◆ **DATA SHOWN**:
****************************************

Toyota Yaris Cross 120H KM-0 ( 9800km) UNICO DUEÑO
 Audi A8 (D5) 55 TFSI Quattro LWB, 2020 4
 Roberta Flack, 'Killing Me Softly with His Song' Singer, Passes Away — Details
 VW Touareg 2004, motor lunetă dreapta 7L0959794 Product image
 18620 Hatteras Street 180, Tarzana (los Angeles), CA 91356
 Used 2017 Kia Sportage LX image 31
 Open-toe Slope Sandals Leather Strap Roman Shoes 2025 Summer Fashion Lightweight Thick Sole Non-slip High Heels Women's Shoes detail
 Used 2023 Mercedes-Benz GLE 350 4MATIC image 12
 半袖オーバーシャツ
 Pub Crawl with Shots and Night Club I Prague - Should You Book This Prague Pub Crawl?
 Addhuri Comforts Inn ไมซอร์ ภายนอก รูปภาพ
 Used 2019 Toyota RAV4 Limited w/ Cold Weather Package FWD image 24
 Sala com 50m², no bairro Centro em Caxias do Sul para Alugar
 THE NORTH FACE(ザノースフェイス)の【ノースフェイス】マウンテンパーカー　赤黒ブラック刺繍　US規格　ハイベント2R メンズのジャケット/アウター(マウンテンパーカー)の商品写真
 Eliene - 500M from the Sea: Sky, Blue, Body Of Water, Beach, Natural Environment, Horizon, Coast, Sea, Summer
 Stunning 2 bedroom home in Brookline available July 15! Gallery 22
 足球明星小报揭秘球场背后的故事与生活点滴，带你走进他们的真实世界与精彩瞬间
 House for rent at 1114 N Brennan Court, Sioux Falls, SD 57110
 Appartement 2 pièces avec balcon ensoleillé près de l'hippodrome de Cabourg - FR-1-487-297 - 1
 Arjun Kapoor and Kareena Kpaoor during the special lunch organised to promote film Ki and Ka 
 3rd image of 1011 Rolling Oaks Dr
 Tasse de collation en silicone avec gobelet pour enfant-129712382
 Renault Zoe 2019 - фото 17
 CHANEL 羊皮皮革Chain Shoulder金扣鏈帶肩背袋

****************************************

◆ **WHAT NEEDS TO BE DONE**:
Quote the line that contains "Appartement 2 pièces" and each line after it through the end of the data, exactly, leaving out everything else.

◆ **RESULT**:
 Appartement 2 pièces avec balcon ensoleillé près de l'hippodrome de Cabourg - FR-1-487-297 - 1
 Arjun Kapoor and Kareena Kpaoor during the special lunch organised to promote film Ki and Ka 
 3rd image of 1011 Rolling Oaks Dr
 Tasse de collation en silicone avec gobelet pour enfant-129712382
 Renault Zoe 2019 - фото 17
 CHANEL 羊皮皮革Chain Shoulder金扣鏈帶肩背袋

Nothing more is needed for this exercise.